CRSP Link®
Overview
CRSP and Compustat data are commonly linked to match CRSP event and market data history with Compustat fundamental and supplemental data. Because of different identification conventions, universes, available historical information, and conventions unique to each organization, linking is not a straightforward process. Through using the CRSP Link, a data array which contains a history of links using CRSP and Compustat identifiers, subscribers may accurately combine CRSP and Compustat data into a single source of clean, reliable data.
Compustat Xpressfeed provides new security level data requiring adjustments to the linking process between CRSP and Compustat databases. Previously, Compustat included one security per record. Now all securities are available with a new identifier, IID, which can be used along with GVKEY to permanently identify all securities tracked by Compustat, and marker items that identify the security that Compustat considers Primary.
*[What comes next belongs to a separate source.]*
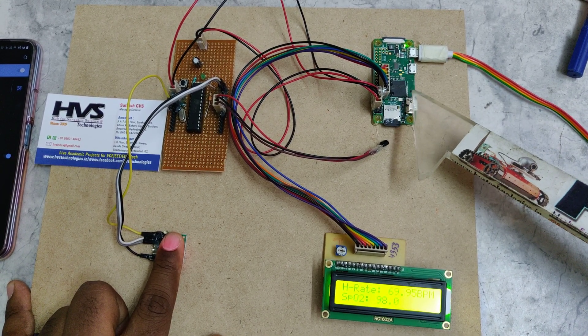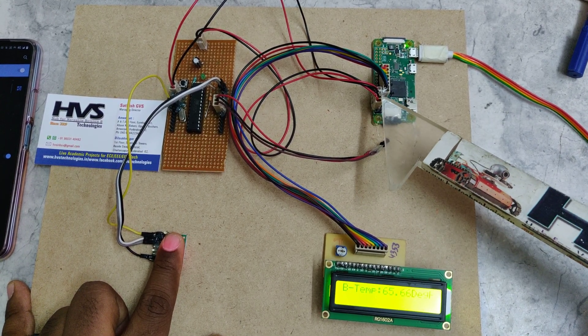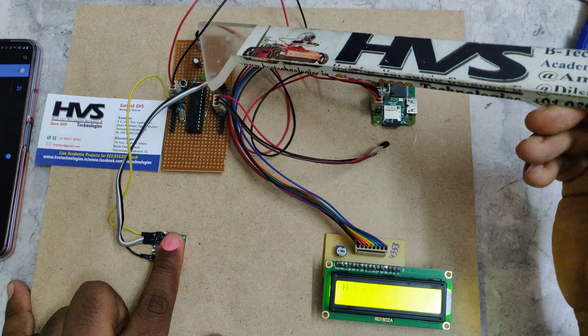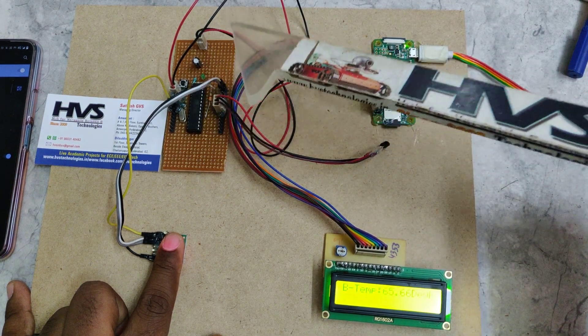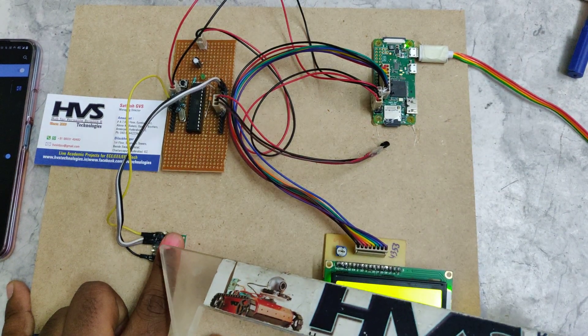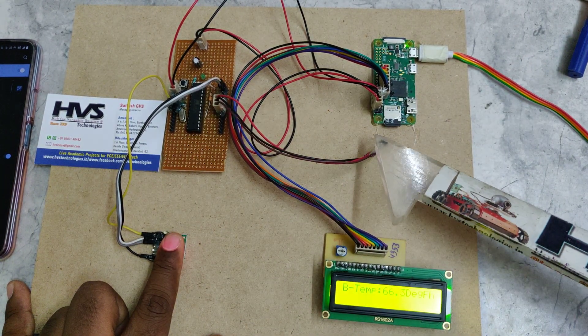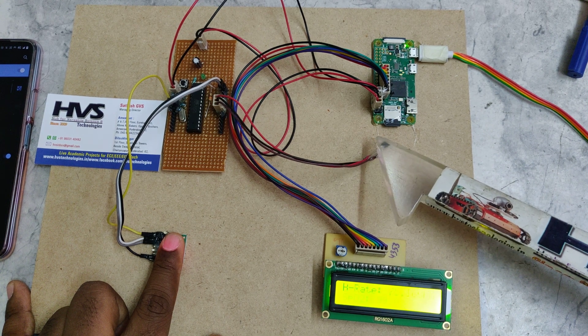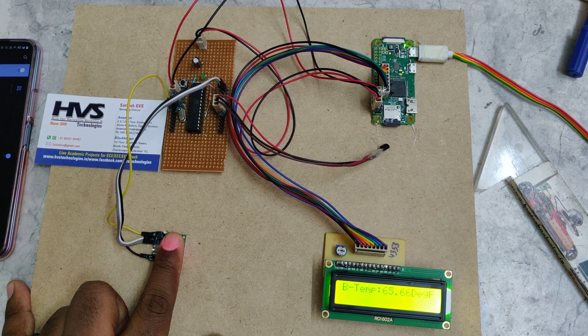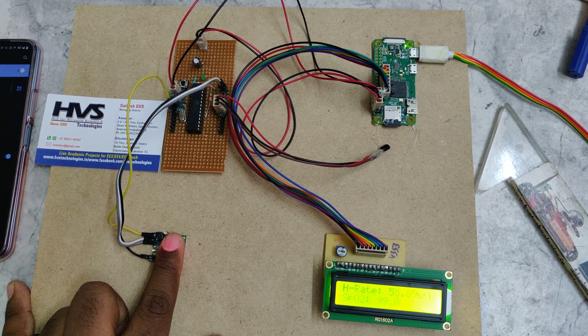We are using the Pi Zero W because of the inbuilt wireless communication Wi-Fi. From here we are going to provide the 5 volts power supply to the Pi Zero and it will distribute the power supply to this board, and from here we distribute the same power supply to the MAX30100 as well as LM35 sensor.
CRSP provides two views of the data through the CRSP Link. While the standard form is the native data and linking information that is organized by Compustat GVKEY, CRSP provides tools to use the link to build CRSP-centric records linked by PERMNO, as needed.
Identifiers used by the link:
- GVKEY
Compustat’s permanent company identifier.
- IID
Compustat’s permanent issue identifier. An identifying relationship exists between IID and GVKEY. Both must be accessed as a pair to properly identify a Compustat security. One GVKEY can have multiple IIDs.
-
Because Compustat company data ranges can extend earlier than security ranges, there may be some time periods with no identified IID for a GVKEY. In these cases, CRSP assigns a dummy IID ending in “X” as a placeholder in the link. This range may or may not be associated with a CRSP PERMNO, but there is no Compustat security data found during the range when no IID is assigned.
- PRIMISS
Compustat provides a primary marker indicating which security is considered primary for a company at a given time.
- PERMCO
CRSP’s permanent company identifier.
- PERMNO
CRSP’s permanent issue identifier. There is a non-identifying relationship between PERMNO and PERMCO. One PERMNO belongs to only one PERMCO. One PERMCO can have one or more PERMNOs.
The Linking Process
Prior to the introduction of Xpressfeed, Compustat included only one security per record. The links between CRSP and Compustat were between CRSP PERMNO and Compustat GVKEY. Because PERMNO is a security identifier and GVKEY is a company identifier, the linking could be a many to one relationship. More than one PERMNO may be linked to a single GVKEY.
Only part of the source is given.